GM’s ownership of its own battery chemistry and integrating the battery pack with its own electric motors also is helping drive EV cost downward, Reuss said. The company says economies of scale – as it deploys more EVs here and in China – will aid with cost.
The Detroit automaker plans from 2016 through 2020 to launch 10 “new energy” vehicles in China, including hybrid electrics, plug-in hybrids and pure electrics. GM recently debuted the Buick Velite 5 plug-in hybrid electric vehicle based off the Chevrolet Volt and it also sells the Cadillac CT6 plug-in hybrid electric in China, a vehicle it just began selling in the U.S.
GM also has said Buick will have a pure battery-electric for China by 2020.
Customer adoption of EVs has been slower than predicted, but the Consumer Federation of America is predicting sales of pure EVs and plug-in hybrid electrics will increase this year largely with the new Bolt and quickly ramping up volume production of the Model 3. The group says U.S. sales of EVs and plug-ins last year totaled about 159,000, up 37 percent from the year before. It predicts sales could grow by more than 100 percent this year to nearly 350,000 sales. The prediction banks largely, however, on strong sales from the Bolt and Tesla Model 3.
Tesla said last week it is on begin production of the Model 3 in July, with higher-volume production beginning by the end of the year. The Palo Alto, California-based company received some 370,000 orders with $1,000 down for the Model 3, which Tesla has said will have a range of about 215 miles and comes with a price tag of about $35,000 before incentives.
GM also sees scale opportunities through the use of autonomous EVs. The carmaker has said it believes the best platform for autonomous ride-sharing vehicles will come in the form of a pure electric such as its Bolt EV. However, Ford Motor Co.’s view of the ideal first application for autonomous vehicles is a hybrid vehicle.
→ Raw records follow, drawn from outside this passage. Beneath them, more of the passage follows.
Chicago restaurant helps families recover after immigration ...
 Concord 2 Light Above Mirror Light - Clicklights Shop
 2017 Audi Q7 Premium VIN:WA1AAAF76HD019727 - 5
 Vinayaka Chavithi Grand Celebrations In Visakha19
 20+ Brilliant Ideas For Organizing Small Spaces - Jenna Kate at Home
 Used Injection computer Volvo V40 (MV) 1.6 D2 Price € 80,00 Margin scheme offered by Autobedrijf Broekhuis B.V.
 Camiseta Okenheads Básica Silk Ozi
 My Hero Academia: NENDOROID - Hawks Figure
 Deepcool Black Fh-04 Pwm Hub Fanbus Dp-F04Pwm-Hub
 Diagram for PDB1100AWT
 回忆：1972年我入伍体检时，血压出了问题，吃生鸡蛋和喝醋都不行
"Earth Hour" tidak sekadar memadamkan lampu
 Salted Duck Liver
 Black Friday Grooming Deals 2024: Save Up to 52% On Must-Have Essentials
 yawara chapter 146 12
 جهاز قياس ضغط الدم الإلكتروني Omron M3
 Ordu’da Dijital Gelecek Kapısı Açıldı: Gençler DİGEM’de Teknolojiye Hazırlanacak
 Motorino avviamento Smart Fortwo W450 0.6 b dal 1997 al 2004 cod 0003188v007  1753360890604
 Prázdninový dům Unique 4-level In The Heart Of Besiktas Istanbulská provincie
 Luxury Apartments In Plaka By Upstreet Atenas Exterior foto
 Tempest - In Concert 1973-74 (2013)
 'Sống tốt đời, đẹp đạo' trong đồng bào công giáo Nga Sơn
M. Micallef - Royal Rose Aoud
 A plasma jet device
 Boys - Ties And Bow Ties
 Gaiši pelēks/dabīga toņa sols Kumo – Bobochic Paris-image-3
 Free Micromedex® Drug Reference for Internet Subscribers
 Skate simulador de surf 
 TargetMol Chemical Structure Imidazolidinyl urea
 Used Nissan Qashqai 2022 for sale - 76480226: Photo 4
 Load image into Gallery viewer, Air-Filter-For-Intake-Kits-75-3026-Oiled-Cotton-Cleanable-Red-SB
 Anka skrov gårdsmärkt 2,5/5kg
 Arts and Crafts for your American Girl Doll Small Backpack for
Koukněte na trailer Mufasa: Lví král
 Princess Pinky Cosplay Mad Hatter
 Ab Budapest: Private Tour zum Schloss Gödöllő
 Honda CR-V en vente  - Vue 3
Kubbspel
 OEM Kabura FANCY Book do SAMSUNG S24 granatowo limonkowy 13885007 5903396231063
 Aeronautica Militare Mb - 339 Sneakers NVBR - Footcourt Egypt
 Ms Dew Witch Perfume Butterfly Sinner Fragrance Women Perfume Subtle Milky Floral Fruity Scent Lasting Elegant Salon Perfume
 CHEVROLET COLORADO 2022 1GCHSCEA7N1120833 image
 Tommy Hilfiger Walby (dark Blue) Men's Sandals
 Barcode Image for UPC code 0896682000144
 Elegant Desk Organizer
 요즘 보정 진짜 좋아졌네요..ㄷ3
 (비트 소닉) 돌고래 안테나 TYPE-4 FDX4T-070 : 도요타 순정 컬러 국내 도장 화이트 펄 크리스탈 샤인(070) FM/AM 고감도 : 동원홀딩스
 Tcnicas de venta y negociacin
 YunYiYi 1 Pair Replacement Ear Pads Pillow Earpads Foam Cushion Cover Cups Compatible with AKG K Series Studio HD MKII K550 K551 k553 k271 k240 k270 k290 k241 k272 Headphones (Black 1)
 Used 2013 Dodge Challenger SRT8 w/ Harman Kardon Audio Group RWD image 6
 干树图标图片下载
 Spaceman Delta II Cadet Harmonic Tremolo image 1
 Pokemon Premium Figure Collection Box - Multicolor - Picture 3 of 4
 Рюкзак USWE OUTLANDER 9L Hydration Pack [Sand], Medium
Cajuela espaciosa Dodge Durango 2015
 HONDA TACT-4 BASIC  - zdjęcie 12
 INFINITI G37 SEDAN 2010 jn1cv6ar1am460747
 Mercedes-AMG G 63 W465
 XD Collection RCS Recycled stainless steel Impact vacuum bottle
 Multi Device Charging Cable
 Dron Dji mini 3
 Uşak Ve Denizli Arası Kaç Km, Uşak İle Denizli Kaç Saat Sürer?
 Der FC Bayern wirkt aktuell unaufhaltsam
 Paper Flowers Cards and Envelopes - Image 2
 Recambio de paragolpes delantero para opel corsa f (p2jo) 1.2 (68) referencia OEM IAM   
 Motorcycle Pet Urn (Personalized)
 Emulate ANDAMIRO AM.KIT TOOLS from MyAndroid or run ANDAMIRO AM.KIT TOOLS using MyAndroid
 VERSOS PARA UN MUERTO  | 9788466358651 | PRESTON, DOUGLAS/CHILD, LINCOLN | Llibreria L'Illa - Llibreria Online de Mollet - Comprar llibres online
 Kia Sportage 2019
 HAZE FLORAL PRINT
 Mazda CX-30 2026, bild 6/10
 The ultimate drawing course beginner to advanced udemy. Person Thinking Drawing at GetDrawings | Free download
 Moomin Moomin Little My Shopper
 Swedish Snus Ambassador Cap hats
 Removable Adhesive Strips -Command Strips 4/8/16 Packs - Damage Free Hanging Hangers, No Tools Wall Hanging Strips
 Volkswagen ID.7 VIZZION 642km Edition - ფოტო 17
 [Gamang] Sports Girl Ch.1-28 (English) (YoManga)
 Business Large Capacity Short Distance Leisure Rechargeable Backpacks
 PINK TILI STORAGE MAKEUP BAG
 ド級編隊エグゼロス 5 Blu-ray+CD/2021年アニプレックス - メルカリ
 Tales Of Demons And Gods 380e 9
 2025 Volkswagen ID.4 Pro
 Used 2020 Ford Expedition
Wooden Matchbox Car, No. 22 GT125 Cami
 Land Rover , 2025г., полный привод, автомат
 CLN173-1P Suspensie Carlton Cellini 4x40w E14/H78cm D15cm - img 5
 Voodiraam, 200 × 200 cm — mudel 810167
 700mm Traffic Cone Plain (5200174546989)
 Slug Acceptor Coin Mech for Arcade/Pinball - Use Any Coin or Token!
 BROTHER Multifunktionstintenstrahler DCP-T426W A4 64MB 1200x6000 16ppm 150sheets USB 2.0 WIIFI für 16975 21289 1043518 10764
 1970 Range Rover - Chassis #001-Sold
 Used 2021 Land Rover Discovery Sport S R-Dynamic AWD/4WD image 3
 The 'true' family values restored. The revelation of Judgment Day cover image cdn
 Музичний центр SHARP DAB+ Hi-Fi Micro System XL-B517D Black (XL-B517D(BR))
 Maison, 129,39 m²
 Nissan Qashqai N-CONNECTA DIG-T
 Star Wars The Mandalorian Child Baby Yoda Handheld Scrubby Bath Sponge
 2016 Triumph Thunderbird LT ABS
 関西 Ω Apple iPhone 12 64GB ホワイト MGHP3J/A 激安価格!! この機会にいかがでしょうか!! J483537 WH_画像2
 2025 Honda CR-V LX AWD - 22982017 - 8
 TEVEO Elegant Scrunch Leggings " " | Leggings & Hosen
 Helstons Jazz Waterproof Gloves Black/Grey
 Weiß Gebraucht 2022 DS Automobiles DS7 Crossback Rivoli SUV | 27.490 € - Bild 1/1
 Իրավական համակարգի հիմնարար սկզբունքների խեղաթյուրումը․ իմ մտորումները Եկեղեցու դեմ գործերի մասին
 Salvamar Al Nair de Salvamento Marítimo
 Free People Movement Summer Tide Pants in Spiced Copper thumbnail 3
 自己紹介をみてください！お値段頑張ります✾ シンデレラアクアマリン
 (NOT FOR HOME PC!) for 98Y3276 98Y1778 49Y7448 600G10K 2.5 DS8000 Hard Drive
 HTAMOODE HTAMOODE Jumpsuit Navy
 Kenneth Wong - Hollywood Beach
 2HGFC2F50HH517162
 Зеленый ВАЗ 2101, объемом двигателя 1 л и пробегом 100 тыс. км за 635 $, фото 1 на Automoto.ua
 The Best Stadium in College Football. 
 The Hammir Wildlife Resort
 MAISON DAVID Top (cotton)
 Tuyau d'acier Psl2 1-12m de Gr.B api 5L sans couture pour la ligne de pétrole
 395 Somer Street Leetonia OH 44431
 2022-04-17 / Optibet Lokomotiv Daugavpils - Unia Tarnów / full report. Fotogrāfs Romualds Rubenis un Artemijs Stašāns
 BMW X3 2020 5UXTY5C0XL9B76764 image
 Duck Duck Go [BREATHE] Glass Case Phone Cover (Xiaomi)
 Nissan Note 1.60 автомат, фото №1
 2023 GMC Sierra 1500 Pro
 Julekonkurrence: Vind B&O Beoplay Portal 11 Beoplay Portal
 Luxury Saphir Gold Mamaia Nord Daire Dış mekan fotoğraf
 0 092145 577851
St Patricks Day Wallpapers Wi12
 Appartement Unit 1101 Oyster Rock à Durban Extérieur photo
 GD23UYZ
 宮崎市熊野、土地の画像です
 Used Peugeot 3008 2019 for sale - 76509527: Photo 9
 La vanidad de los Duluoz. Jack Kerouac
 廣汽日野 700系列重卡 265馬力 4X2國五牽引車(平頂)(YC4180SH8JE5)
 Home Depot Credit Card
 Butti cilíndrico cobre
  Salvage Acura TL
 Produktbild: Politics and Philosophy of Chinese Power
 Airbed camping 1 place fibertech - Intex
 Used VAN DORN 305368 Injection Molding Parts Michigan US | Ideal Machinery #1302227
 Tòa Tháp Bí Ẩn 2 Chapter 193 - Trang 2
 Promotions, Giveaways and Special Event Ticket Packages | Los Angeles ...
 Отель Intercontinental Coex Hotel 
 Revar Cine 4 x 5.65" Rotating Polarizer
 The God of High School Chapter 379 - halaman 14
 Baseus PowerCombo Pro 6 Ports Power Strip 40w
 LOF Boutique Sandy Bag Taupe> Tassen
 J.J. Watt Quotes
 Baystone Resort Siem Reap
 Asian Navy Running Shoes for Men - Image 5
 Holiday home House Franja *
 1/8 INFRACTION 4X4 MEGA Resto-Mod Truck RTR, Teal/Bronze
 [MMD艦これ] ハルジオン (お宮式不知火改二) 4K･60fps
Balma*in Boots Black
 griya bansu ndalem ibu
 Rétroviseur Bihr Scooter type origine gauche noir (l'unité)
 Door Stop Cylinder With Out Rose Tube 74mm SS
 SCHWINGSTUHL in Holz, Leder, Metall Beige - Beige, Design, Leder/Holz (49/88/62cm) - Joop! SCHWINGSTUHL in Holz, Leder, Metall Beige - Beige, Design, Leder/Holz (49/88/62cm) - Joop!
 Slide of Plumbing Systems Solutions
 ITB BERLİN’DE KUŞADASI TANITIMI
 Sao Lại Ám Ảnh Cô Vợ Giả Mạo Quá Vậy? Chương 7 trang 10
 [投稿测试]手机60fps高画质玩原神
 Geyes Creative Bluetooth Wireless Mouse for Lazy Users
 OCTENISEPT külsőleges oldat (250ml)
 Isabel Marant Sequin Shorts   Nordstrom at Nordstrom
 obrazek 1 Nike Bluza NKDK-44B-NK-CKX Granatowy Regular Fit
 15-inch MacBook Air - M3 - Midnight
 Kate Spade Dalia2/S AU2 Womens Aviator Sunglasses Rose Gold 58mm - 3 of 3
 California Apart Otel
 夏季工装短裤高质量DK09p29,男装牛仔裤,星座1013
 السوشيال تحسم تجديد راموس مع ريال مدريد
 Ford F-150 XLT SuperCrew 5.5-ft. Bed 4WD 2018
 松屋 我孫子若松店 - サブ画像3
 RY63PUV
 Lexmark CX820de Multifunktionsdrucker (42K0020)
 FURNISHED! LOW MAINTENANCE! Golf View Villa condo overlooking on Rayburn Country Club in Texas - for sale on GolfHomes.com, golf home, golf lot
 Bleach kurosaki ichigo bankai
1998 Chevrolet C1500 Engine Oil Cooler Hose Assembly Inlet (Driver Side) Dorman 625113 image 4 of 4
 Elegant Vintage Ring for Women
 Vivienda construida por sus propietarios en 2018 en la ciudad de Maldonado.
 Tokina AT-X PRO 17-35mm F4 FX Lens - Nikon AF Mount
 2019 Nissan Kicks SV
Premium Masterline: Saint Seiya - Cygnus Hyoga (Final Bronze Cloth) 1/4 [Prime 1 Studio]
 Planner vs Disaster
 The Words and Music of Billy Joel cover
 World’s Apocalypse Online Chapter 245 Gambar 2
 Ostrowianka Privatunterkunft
It plans a fully autonomous hybrid vehicle for commercial use in a ride-hailing or ride-sharing service in 2021 and is testing hybrid Ford Fusions.
“The energy drain that comes from the automation or the need for all the computing power, requires more than just what most battery electrics can do for range purposes,” Joe Hinrichs, Ford president of the Americas, told reporters last month at the New York auto show.
GM’s view differs.
“We’ve got a platform that’s designed for mobility and ride-sharing as well. So we’ve got a platform that is all electric that is high use and high up-time. And so that’s a great formula for electrified vehicles,” Reuss said. “At the end of the day, if you can get up-time across a fleet of electrified vehicles, you can drive cell cost down, you can drive the operating cost down.”